# Usonic Ultrasonic E-Cig



## Room Fogger (17/5/18)

Found something interesting while browsing, a ultrasonic mod that does not use coil and cotton, but sound waves. Link below for those that may be interested to see.

http://www.3fvape.com/pod-system/23...tarter-kit-silver-2ml-24mhz.html#.Wv1btYqxWf0

Reactions: Like 1 | Informative 1


----------



## RichJB (17/5/18)

Interestingly, Hon Lik's very first vaporiser prototypes used ultrasonic rather than heat to vaporise the juice. He concluded that heating worked better overall and switched to that. Perhaps recent advances have made ultrasonic more viable now. It would be great if they could perfect a heat-less technique as most of the bad stuff in vaping is a by-product of the heating process. Although, typically, we might find that ultrasonic introduces a whole slew of new health hazards and problems. Eish, there's always something...

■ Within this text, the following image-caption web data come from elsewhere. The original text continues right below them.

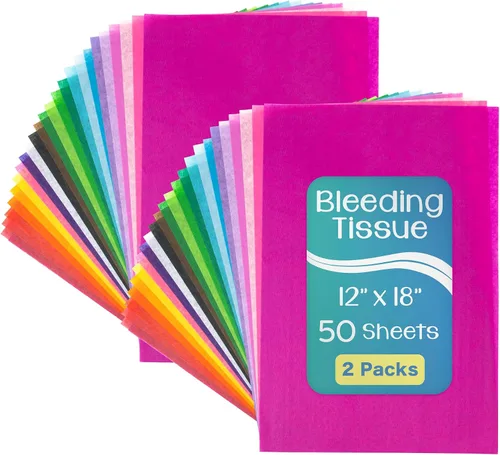 Hygloss Surtido de papel de seda que destiñe, 12 x 18 pulgadas, 20 colores surtidos, 50 hojas por paquete, 2 paquetes (100 hojas en total)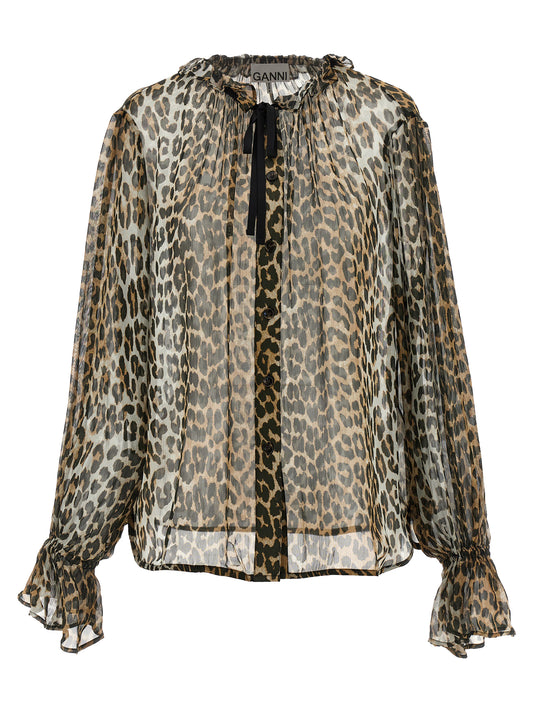 Ganni Ganni Leopard Print Chiffon Tie String Shirt
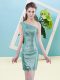 Aqua Blue Zipper Dress for Prom Sequins Sleeveless Mini Length
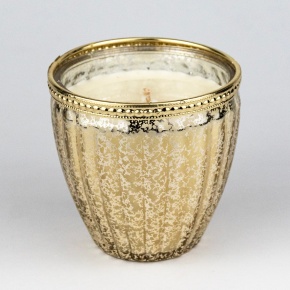 Свеча в стакане с ароматом Ванильная карамель (стекло), H10xD10,5см, золотой в интернет-магазине флористических аксессуаров Азалия Декор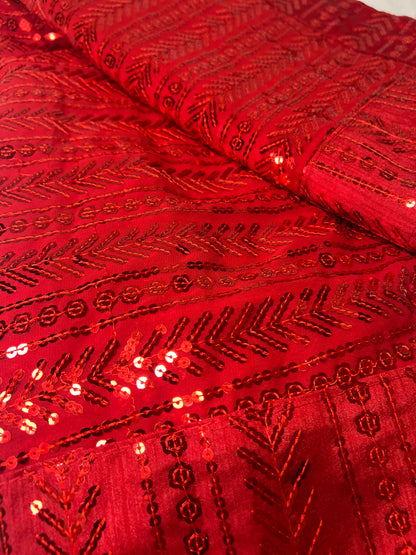 Full Sequin Red Chiffon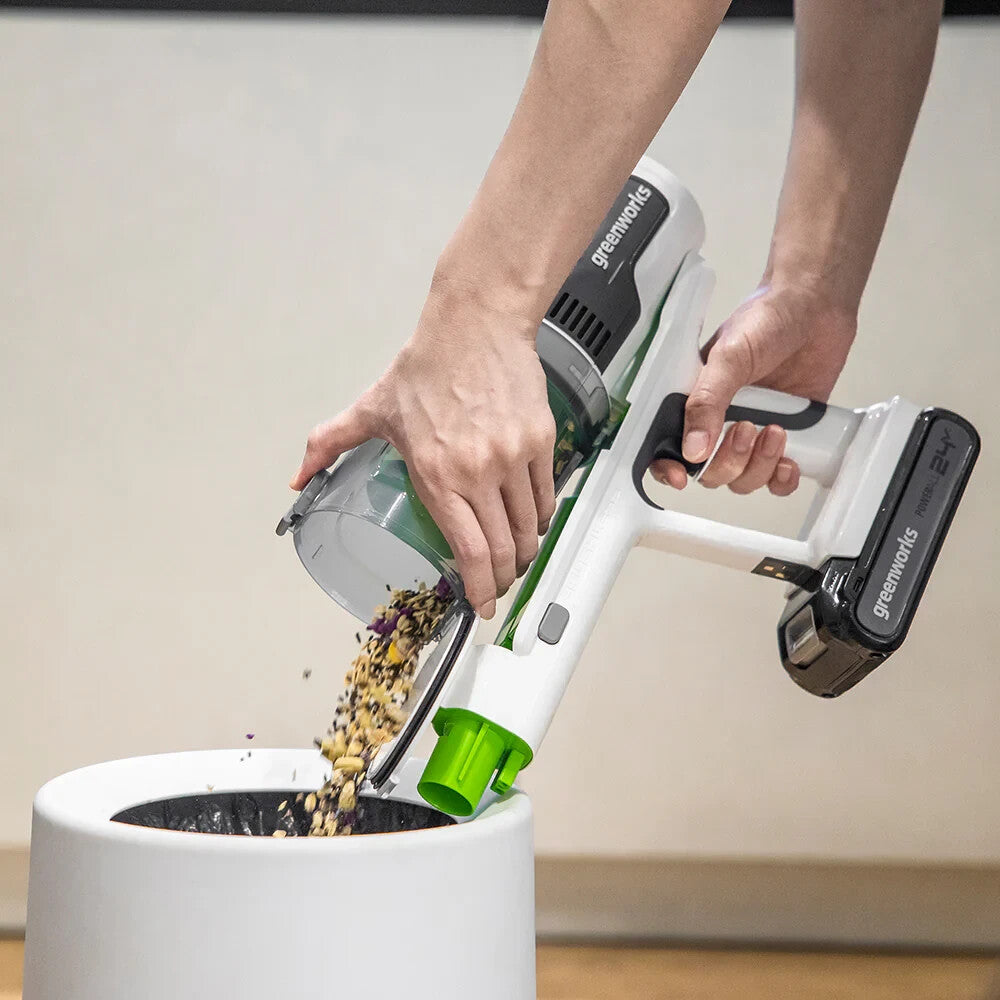 GREENWORKS SCOPA ASPIRAPOLVERE A BATTERIA 24V SENZA FILI + PIANTANA +6 ACCESSORI7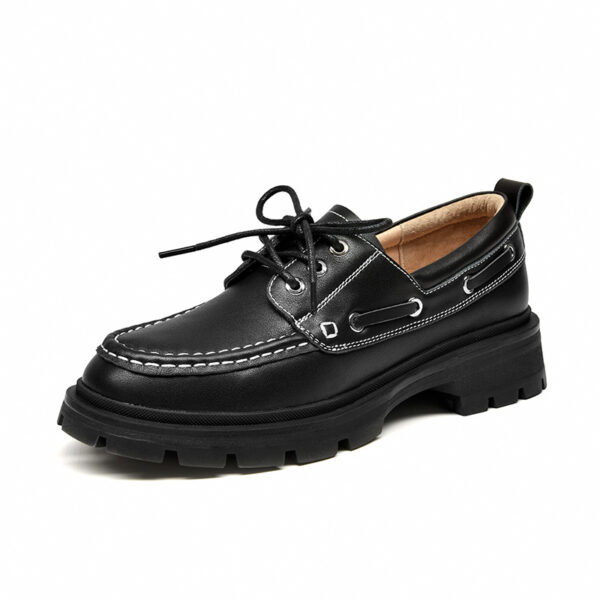 Summer Women's British Style Soft Leather Platform Flats - Image 4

Reactions: Like 1 | Agree 1


----------



## Raindance (17/5/18)

There is another thread somewhere on this. The review shows that the liquid is still heated albeit not by a coil but by sound. Liquid contained on cotton lying on a vibrating plate to be specific. Can not remember whom the reviewer was.

Regards

Reactions: Like 1


----------



## vicTor (17/5/18)

it was the chick with that red hair with the blocked nose ...lol

Reactions: Like 2 | Agree 2 | Funny 6


----------



## jm10 (17/5/18)

vicTor said:


> it was the chick with that red hair with the blocked nose ...lol



 Zophie does it for me, weird huh


Sent from my iPhone using Tapatalk

Reactions: Agree 1


----------



## vicTor (17/5/18)

jm10 said:


> Zophie does it for me, weird huh
> 
> 
> Sent from my iPhone using Tapatalk



can relate !!!


----------